Un cadavere tenuto venti metri sotto terra

IlCadavereDellaCultura

di Alfonso Liguori, attore-giornalista

Fosse un fantasma che si aggira per la campagna elettorale in corso, almeno di tanto in tanto se ne avvertirebbe la presenza. Invece è un cadavere, tenuto a venti metri sotto terra. È la cultura, grande assente della contesa partitica, assente cui nessuno schieramento politico sente il bisogno di far riferimento, nonostante ci siano da parte di operatori e studiosi del settore, italiani e stranieri, ripetuti richiami all’attenzione. È forse il segno dei tempi ed anche, probabilmente, il segno del peso intellettuale della classe politica che si propone per la prossima guida del Paese. A scorrere i programmi, nessuno si salva. Nemmeno i nuovi, nemmeno i piccoli. A meno che tra i cento, duecento, trecento simboli presentati non ce ne sia uno da 0,0001 % alle urne che ci sia sfuggito.

 

Eppure, la Cultura, intesa come produzione di idee e come beni culturali, è il vero petrolio dell’Italia. Non soltanto per ciò che l’adeguato “sfruttamento” di questi beni può portare alle casse dalla nazione, ma anche per il numero enorme di persone che ci lavorano. Basti pensare che soltanto nel settore Prosa sono attive circa trecentomila persone, tra attori, tecnici di teatro, amministrativi, addetti ai trasporti e alla creazione di scene e costumi. Forse la cifra è anche in difetto, ma ci piacerebbe che qualcuno comprendesse che stiamo praticamente parlando di un’altra Fiat.

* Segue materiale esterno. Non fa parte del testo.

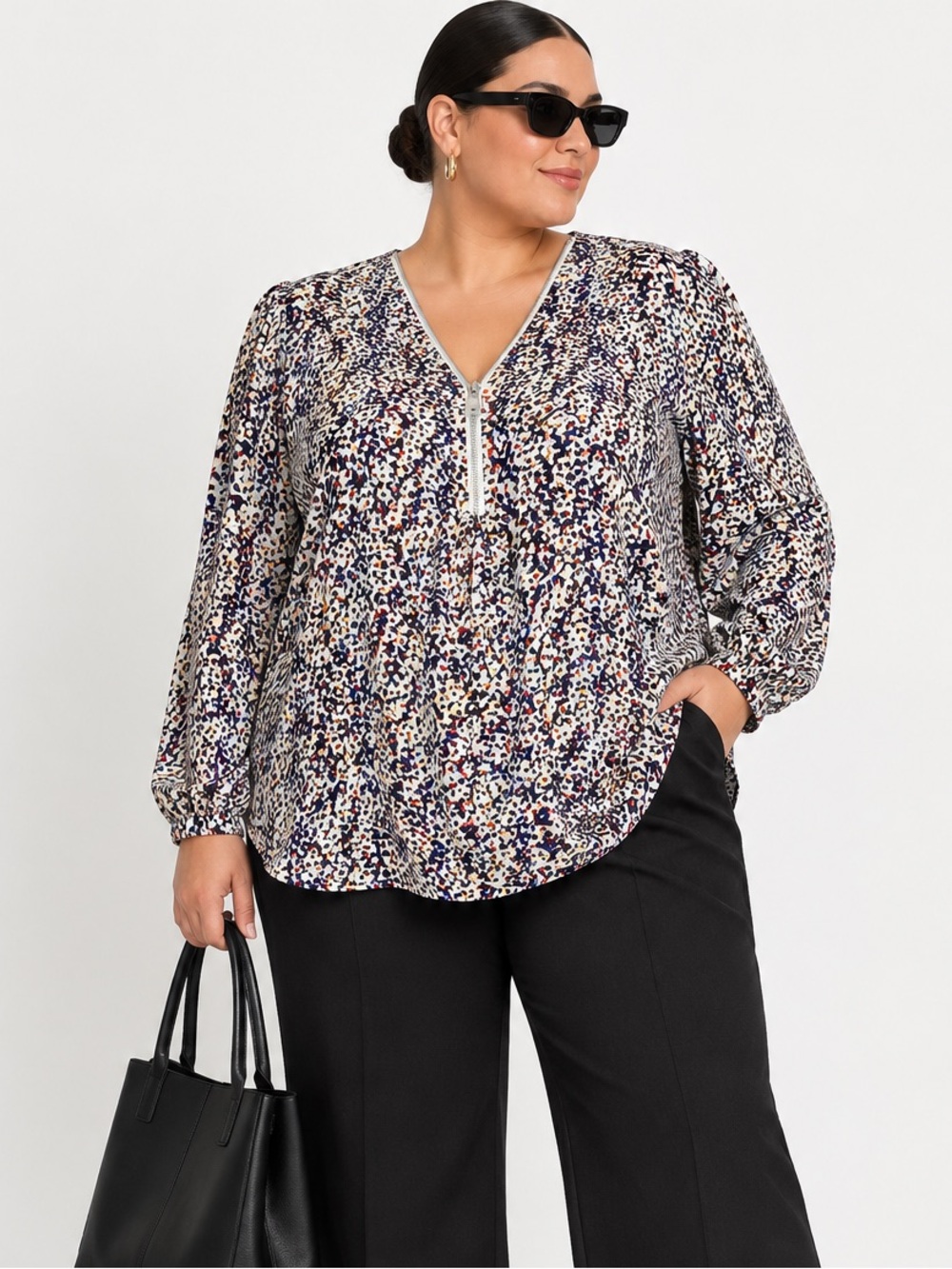 Philosophy Woman 3X Abstract Print Zip Neck Blouse Plus Size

Collegati al settore Prosa, ci sono tutti i lavoratori di cinema e tv. E poi coloro che operano nella musica, lirica, sinfonica, pop, e quelli che lavorano nella danza… E ancora, quelli impiegati nei musei e nei siti archeologici, nelle biblioteche, negli archivi. E quindi restauratori, liutai, accordatori, docenti di conservatori e accademie… E i custodi e gli impiegati di conservatori e accademie e di cento altre scuole di formazione… Ed i librai, e tutti coloro che alla preparazione di un libro lavorano, dai correttori di bozze ai tipografi, fino ai fabbricanti di carta o ai disegnatori di copertine…
E poi c’è l’indotto, non soltanto quello grande prodotto dai turisti, ma anche quello, piccolo e quotidiano, che muovono tutti gli operatori dello spettacolo che vanno di giorno in giorno per città e paesini d’Italia: entrano in alberghi, in bar, in ristoranti, in negozi, in farmacie, fanno benzina, pagano pedaggi autostradali, biglietti di treno… Non ci vuole un genio per comprendere quanta ricchezza, morale ed economica, può portare ad un paese il giusto “sfruttamento” dell’intero suo mondo culturale. E questo senza nemmeno considerare la potenziale combinazione del settore Cultura con il settore Turismo.

Eppure, c’è un cadavere in questa campagna elettorale, e si chiama Cultura. Nemmeno una parola, nemmeno un sospiro, neanche uno sguardo.
Non c’è più nemmeno da chiedersi il percome e il perché. È così. Come è così per i morti, ai quali tocca solo il dignitoso silenzio.

 

 

17 commenti

Il tuo indirizzo email non sarà pubblicato. I campi obbligatori sono contrassegnati *

  • Non voglio essere complottista, ma, distrazione a parte dei partiti, il non introdurre la cultura fra le priorità, anche di carattere economico, di questo paese, mi sembra piuttosto una scelta di campo voluta e, ahinoi, quasi ottenuta. La morente europa, per come l’abbiamo immaginata, sta esalando l’ultimo respiro prima dell’invasione cinese e, così come fa un coccodrillo in via di estinzione, divora i propri figli cominciando proprio da quella cultura e conoscenza delle cose che ci ha portato fino a questo punto, come dire: abbiamo mangiato la mela ed ecco la nostra punizione…stavolta Dio non c’entra!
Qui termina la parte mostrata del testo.